Indeed, we are. PRC Deputy Director of Foreign Ministry Information Department Hua Chunying said
We are severely concerned about relevant remarks made by the American side. We believe the American side needs to make clarification on that[.]
That’s in response to SecDef Ash Carter’s remarks that he’d asked his folks to look into potential responses to the PRC’s seizure and occupation of the South and East China Seas. In particular, those responses might
include flying Navy surveillance aircraft over islands and sending US Navy ships within 12 nautical miles of reefs that have been built up in recent months around the Spratly Islands.
We should be severely concerned. Those surveillance aircraft should be accompanied by fighter aircraft, and they should buzz the construction sites. And keeping the Navy a dozen miles away, instead of sailing up close and personal, seems awfully timorous to me.
Those islands, after all, are in international waters, and they’re in the Exclusive Economic Zones of Vietnam, Malaysia, and the Philippines—who have shown a willingness to resolve their dispute without military occupation. Thus, their aircraft and naval ships should be accompanying ours on those close approaches.

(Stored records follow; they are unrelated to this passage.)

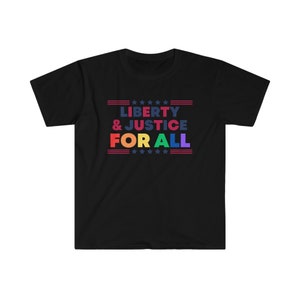 Unisex LGBTQ+ Liberty & Justice For All USA Patriot Gay Pride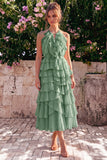 Pink Halter A Line Tiered Ruffle Midi Wedding Guest Dress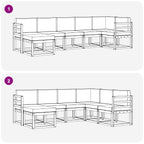 Conjunto de sofás de exterior 7 pcs Blanco y Antracita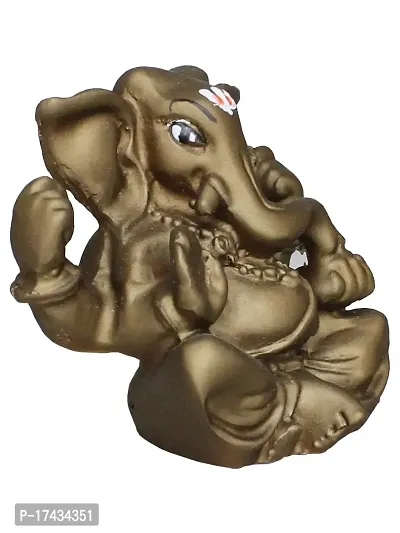 Om ssvmb9 Ganesha/Ganesh/Ganeshji/Ganpati Bappa Idol/Murti/Statue for Car Dashboard Showpiece Figurine Home Deacute;cor Door Entrance (Chocolate Color) (4.5x2x5)-thumb4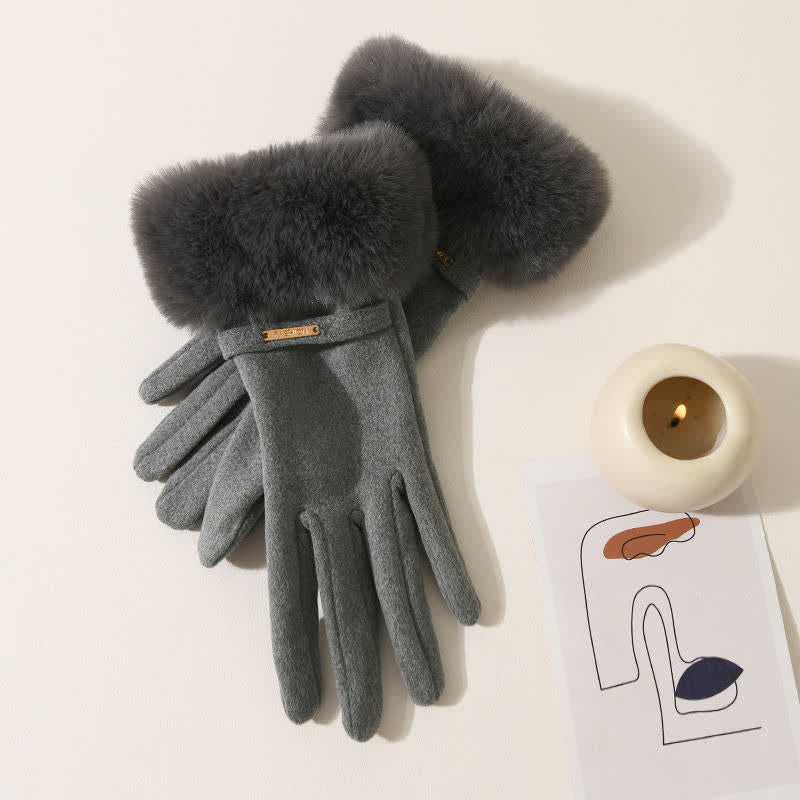 Guanti da donna caldi e soffici con touch screen e polso in peluche - Grigio - image 10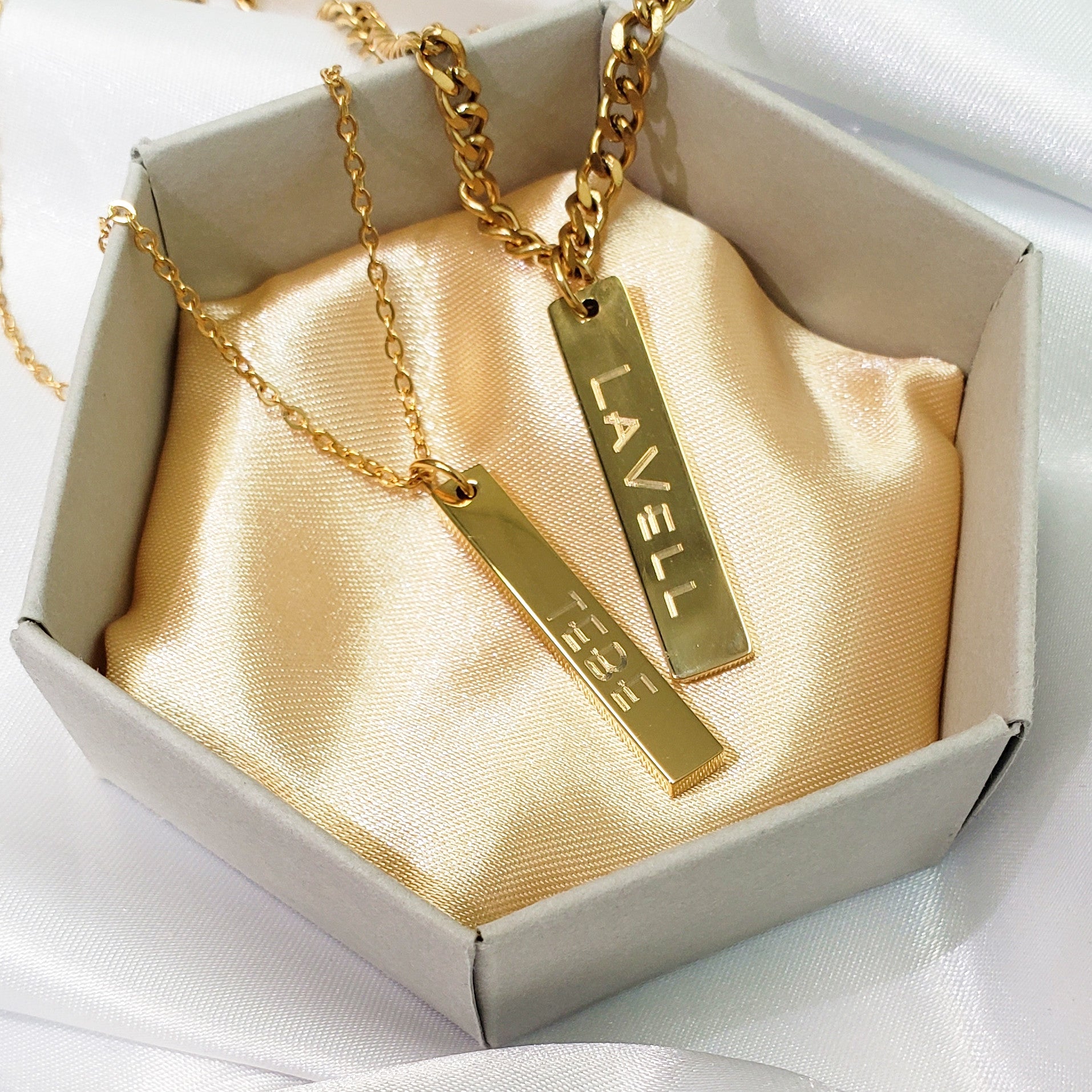 ASOS DESIGN necklace with engraved bar pendant in silver tone | ASOS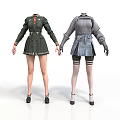Female Mannequins Showcasing Two Different Stylish Outfits With Coats And Skirts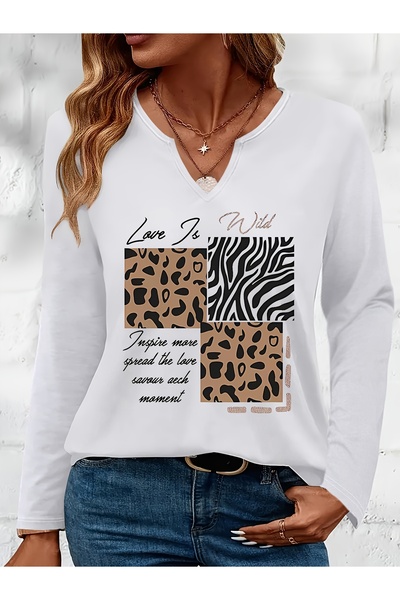 mercoledi Love Printed Cotton Half V-Neck Long Sleeve Blouse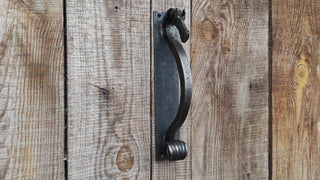 Hand Forged Steel Horse Barn Door Handle: Rustic Stable Decor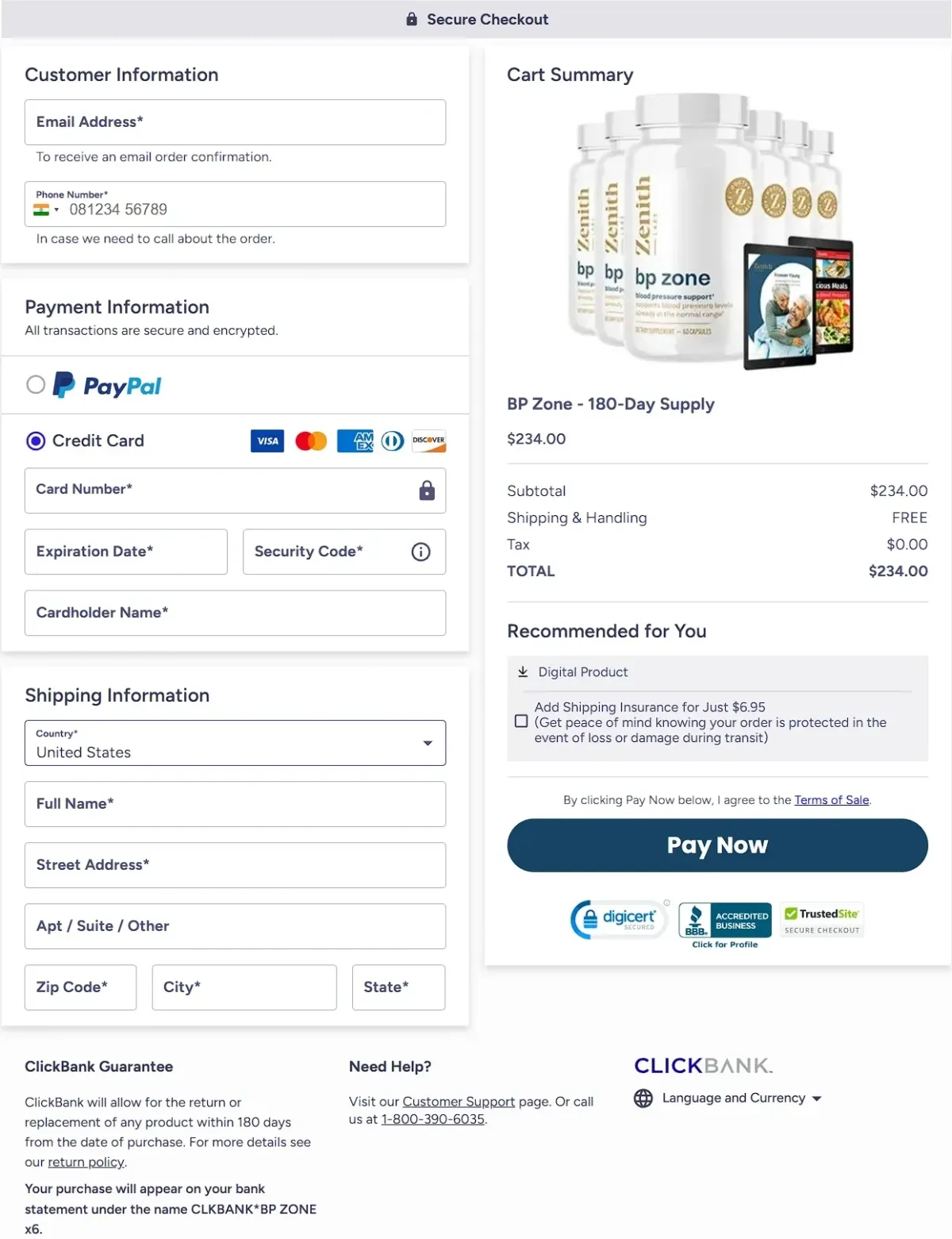 bp zone checkout page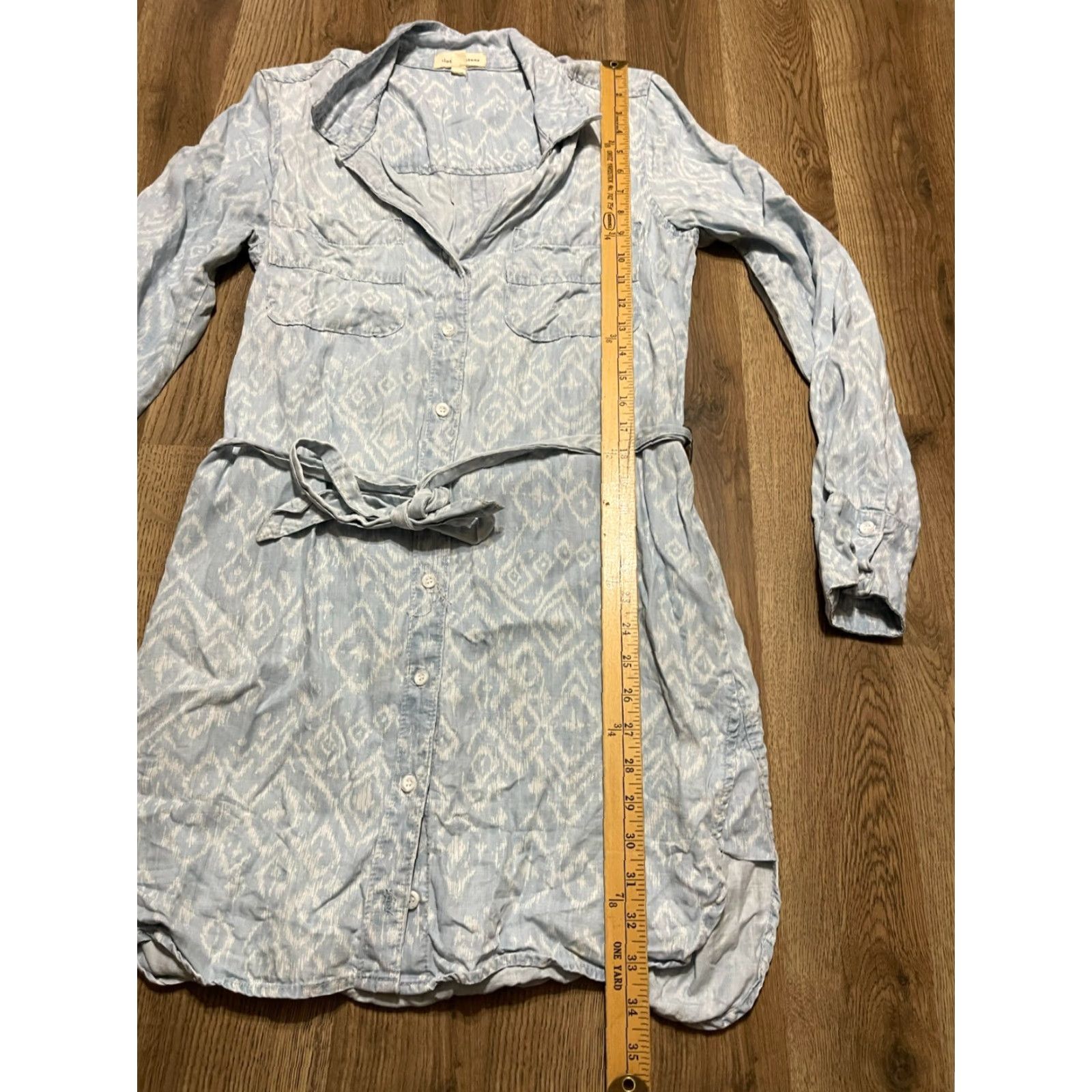 CLOT Cloth & Stone Dress Womens Small Blue White Button Up Long Sleeve Tie Waist Shirt Dress Women Small Casual 90s? Size S / US 4 / IT 40 - 6 Thumbnail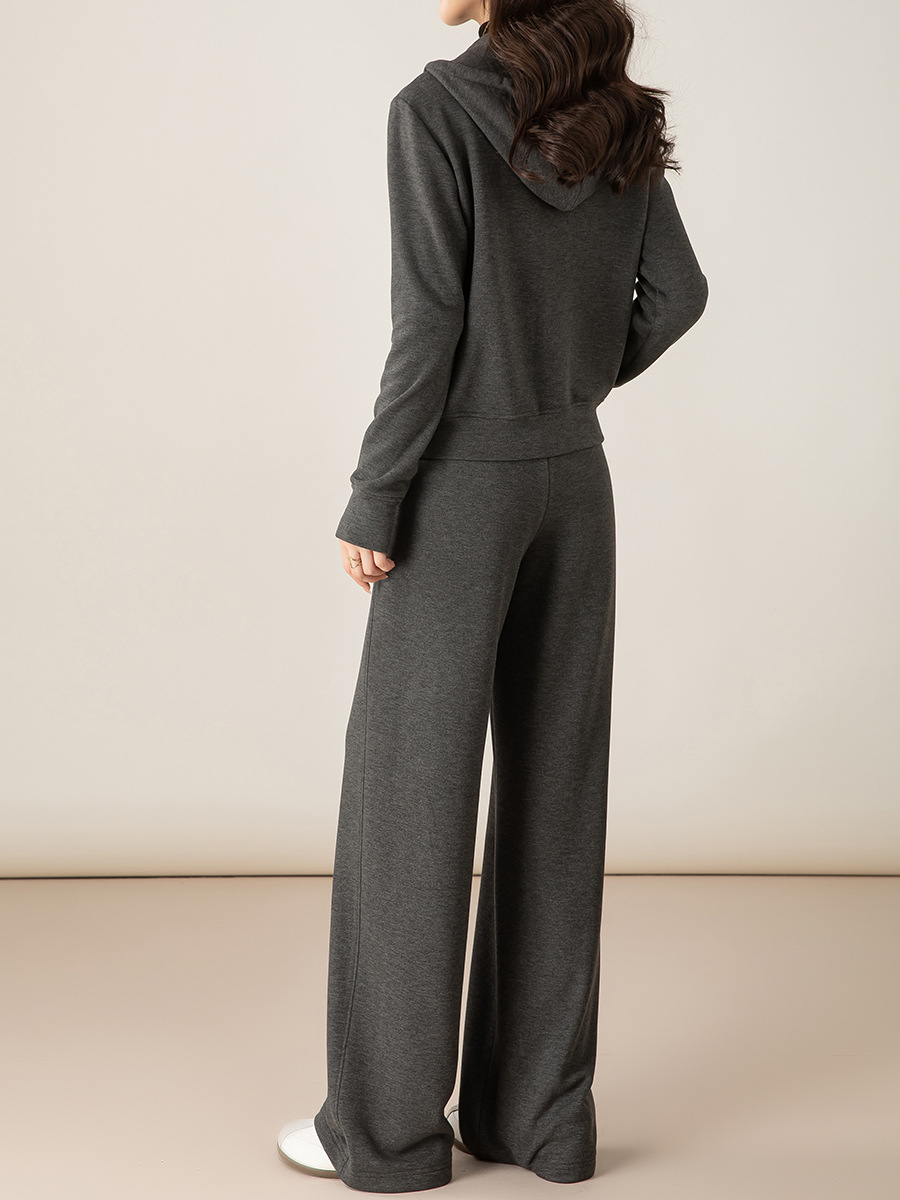 Bộ đồ thể thao nữ hai mảnh giả cashmere mũ trùm dáng rộng phong cách Hàn Quốc — Màu xám (bộ hai món)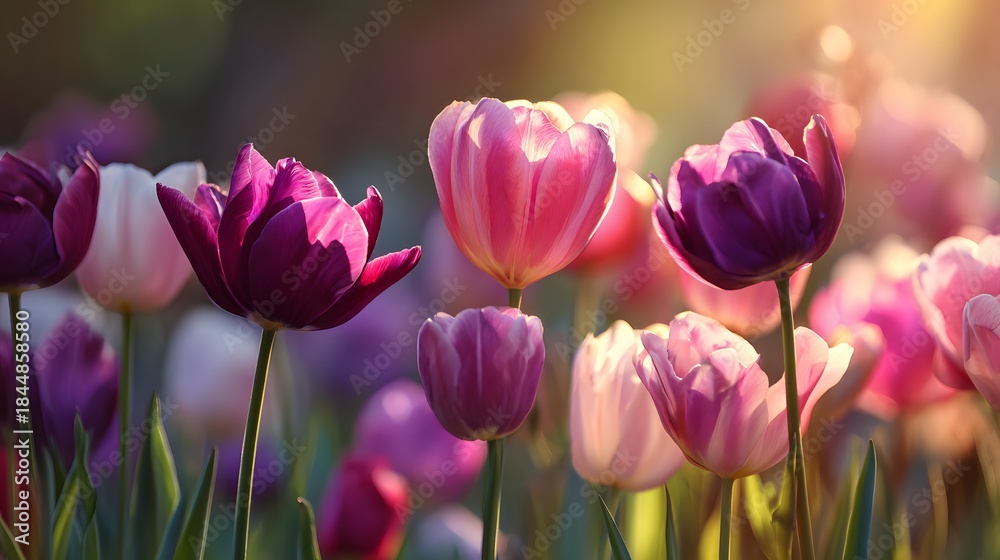 Obraz premium Beautiful Tulips in Soft Morning Sunlight.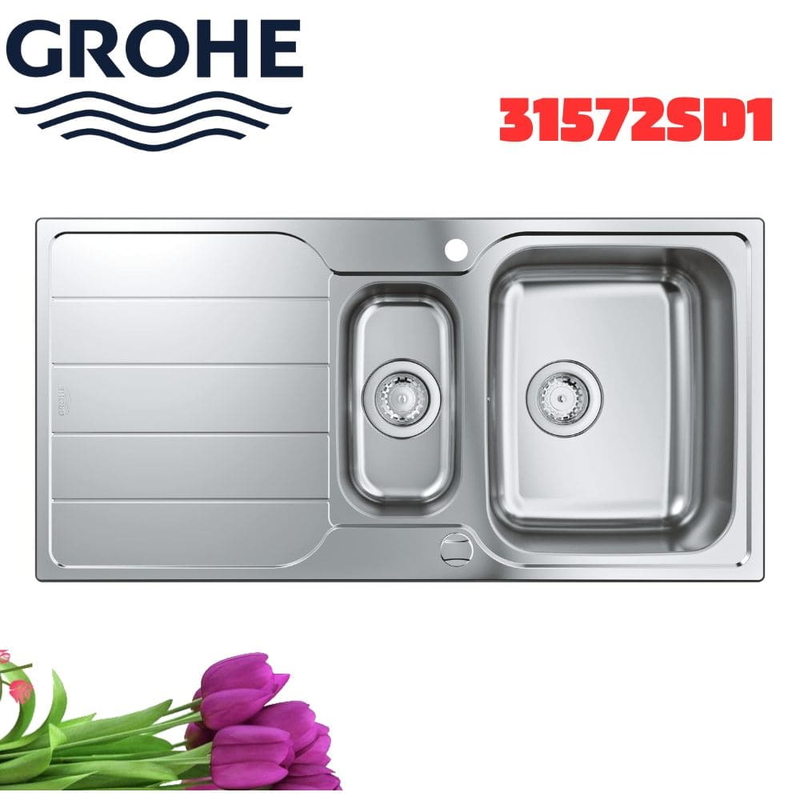 Chậu rửa bát Grohe 31572SD1 2 hố có bàn nhập khẩu Đức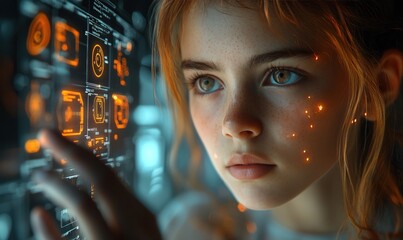 Teenage girl interacts with futuristic interface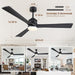 60 in. Ceiling Fans without Lights, Flush Mount Reversible Ceiling Fan NO Light for Indoor Bedroom, Outdoor Backyard Covered Ceiling Fan -32-ErisView
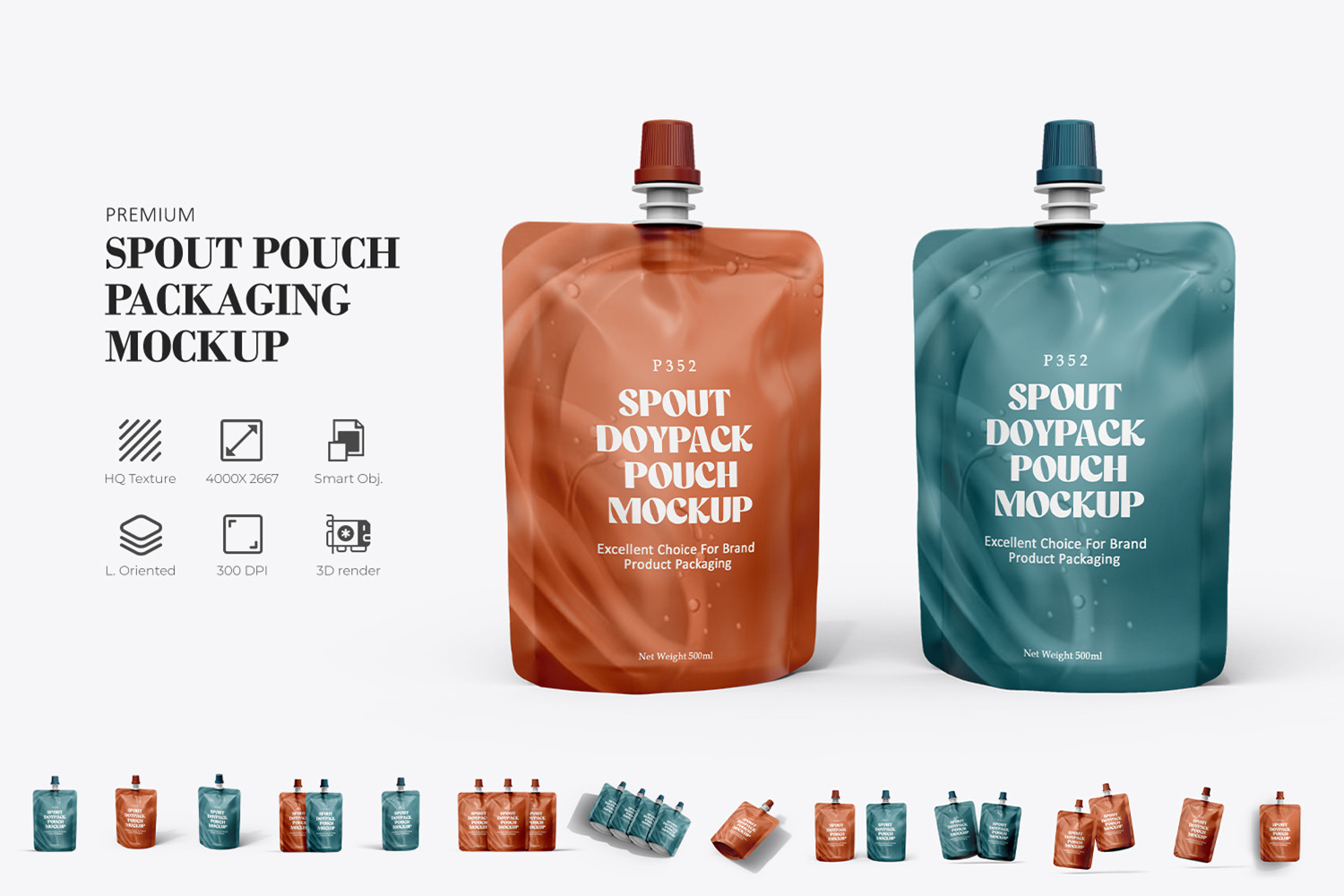 Spout Pouch Packaging Brand Mockup by Ram Studio Llc  Creative Market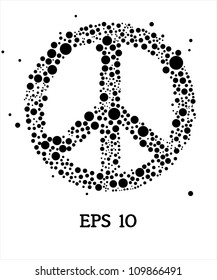  Peace sign black and white design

Our own action alone, though, would be a good start on a proper response to the PRC’s aggression.
Also creating severe concern—or should be—is this bit:
Privately, many diplomats and leaders in the region say they worry about the potentially destabilizing impact of a confrontation between Washington and Beijing.
No, guys, what would be destabilizing would be letting that PRC aggression go unchallenged.